- WHAT TO DO -
Return each record word for word, keeping none of its pictures.

Pictures with short captions
-- Opening Marker --

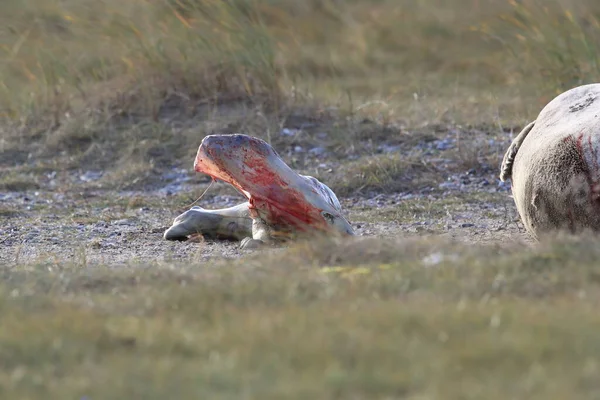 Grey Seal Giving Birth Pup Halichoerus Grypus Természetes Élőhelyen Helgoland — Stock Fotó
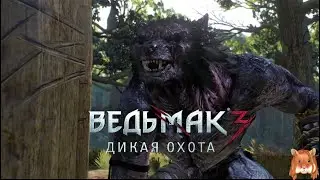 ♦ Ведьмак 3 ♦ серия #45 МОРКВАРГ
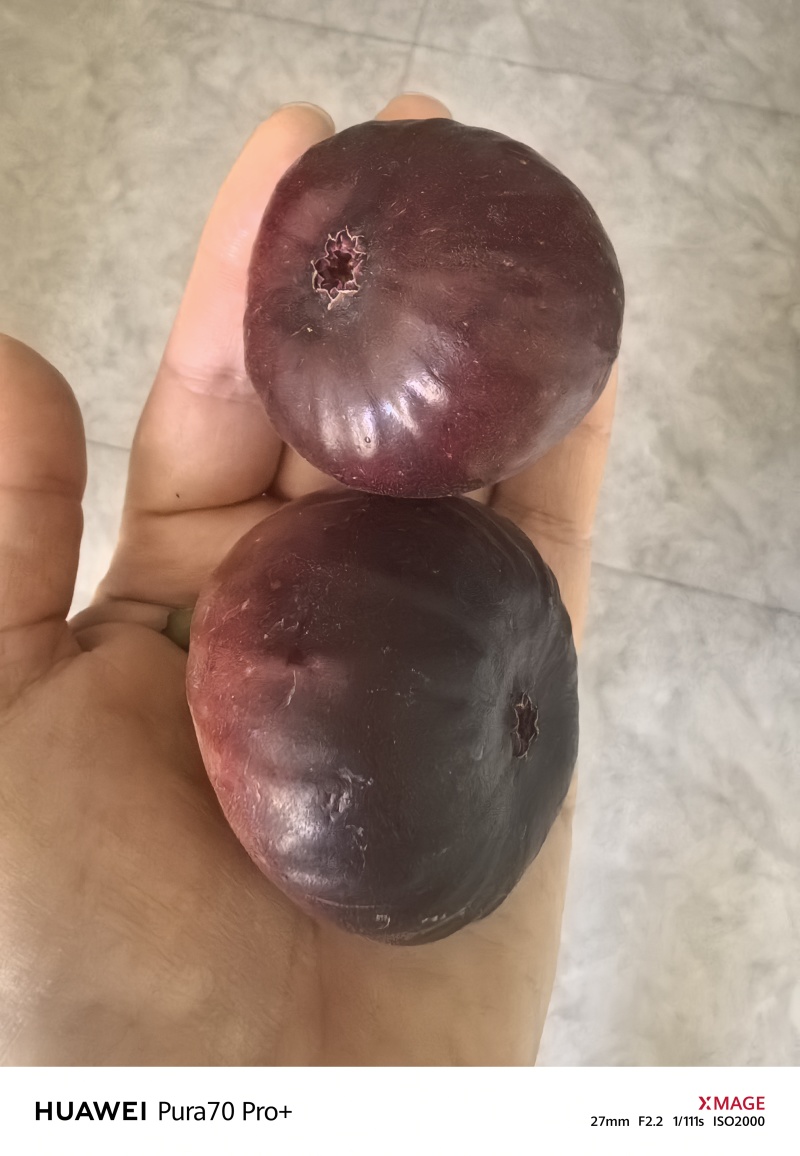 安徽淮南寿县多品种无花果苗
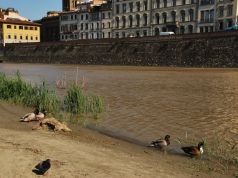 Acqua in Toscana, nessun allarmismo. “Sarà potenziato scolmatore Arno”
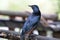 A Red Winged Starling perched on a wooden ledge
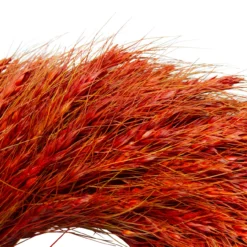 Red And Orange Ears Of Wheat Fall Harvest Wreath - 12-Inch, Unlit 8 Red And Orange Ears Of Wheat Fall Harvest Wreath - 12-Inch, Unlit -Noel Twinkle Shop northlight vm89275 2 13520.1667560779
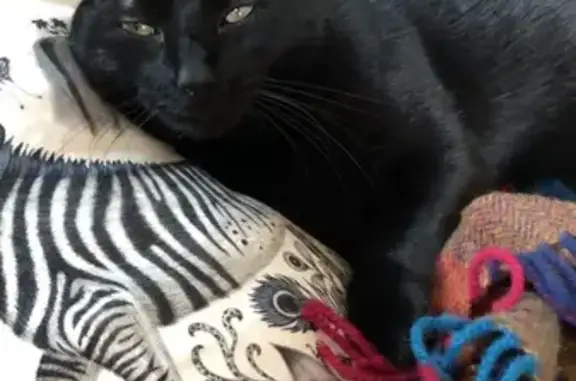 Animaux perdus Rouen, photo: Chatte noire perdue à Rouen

-- Closing Marker --

- RESULT FOR THIS EXERCISE -
 Grey Seal Giving Birth Pup Halichoerus Grypus Természetes Élőhelyen Helgoland — Stock Fotó
 ♦ Ведьмак 3 ♦ серия #45 МОРКВАРГ
 安徽淮南寿县多品种无花果苗
 Acqua in Toscana, nessun allarmismo. “Sarà potenziato scolmatore Arno”
 A Red Winged Starling perched on a wooden ledge
 Red And Orange Ears Of Wheat Fall Harvest Wreath - 12-Inch, Unlit 8 Red And Orange Ears Of Wheat Fall Harvest Wreath - 12-Inch, Unlit -Noel Twinkle Shop northlight vm89275 2 13520.1667560779
 Animaux perdus Rouen, photo: Chatte noire perdue à Rouen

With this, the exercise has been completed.